The residency measure will particularly hit wealthy investors from mainland China, whose buying spree in high-end apartments has done much to stoke fears of a new bubble in the Hong Kong economy.

Chief Executive Donald Tsang said he was responding to public anxiety about a residential housing shortage and rocketing prices, during a rowdy legislative assembly session during which one lawmaker stormed out of the chamber.

Some 200 protestors shouted slogans and waved placards outside the Legislative Council, demanding more public housing and decrying the control of private property developers over the market in land-starved Hong Kong.

Before storming out, radical lawmaker "Long Hair" Leung Kwok-hung threw a polystyrene clock at Tsang, arguing that time was running out for elderly people forced to live on meagre savings in the absence of state pensions.

Noting that property prices have risen 20 percent in the past year, Tsang said in his annual policy address: "Housing is currently the greatest concern of our people.

"Over the past few years, private housing supply has been relatively low. We should address the fundamentals by increasing land supply in response to market demand."

Tsang announced plans to build residential property on the city's old airport, Kai Tak, which was closed down in 1998. The prime harbour site remains undeveloped as the government cleans up heavy aviation pollution.

He also said the government would consult the public on proposals to reclaim land elsewhere than the crowded Victoria Harbour, which has steadily diminished down the years due to property development, angering environmentalists.

Tsang said the government would adopt a temporary amendment to Hong Kong's Capital Investment Scheme, preventing investors from gaining residency in the territory through property purchases from October 14.

Mainland investors have long been lured by the prospect of residency in Hong Kong, a financial centre and gateway to China that is run under a different legal system and boasts higher living standards.

The speech sent share prices in major property developers plunging before the sector recovered much of its lost ground. SHK Properties finished down 0.59 percent and Sino Land fell 0.12 percent.

Simon Smith, head of research at consultancy Savills Valuation and Professional Services, said the measures would have a limited impact.

"The new policy measures are fairly conservative," he told AFP.

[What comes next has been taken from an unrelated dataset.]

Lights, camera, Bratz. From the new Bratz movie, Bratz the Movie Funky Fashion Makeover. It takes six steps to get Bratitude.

"I think the effect will be modest. It is the government's intention to gently head off the bubble, it is not easy to do. In this global environment, the government is anxious not to tip over the market."

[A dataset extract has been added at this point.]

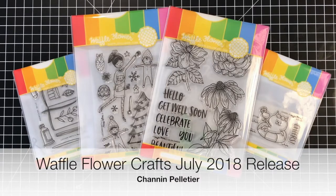Hello everyone, it's Shannon here from Craft Ghetto. In today's video, we're going to take a close-up look at Waffle Flower's July 2018 release.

Property prices in Hong Kong have surged nearly 45 percent from their trough at the end of 2008, while prices of some luxury flats have returned to, or surpassed, the peaks of the 1997 boom.

Public anger was on display outside as Tsang spoke inside the British colonial-era Legislative Council.

"With property prices soaring to new heights, the poorer sections of society have no hope of buying their own apartment," protestor Penny Keung told AFP.

"The government should help alleviate conditions for the poor instead of catering to the interests of big businesses," she said.

In August the government said it would further increase land supply and tighten mortgage lending to avert a property bubble. While that dented the volume of property transactions, prime land still goes for giddy amounts.

On Tuesday demonstrators interrupted an auction of an upmarket residential site in the Kowloon area that fetched a record 1.63 billion Hong Kong dollars (210 million US).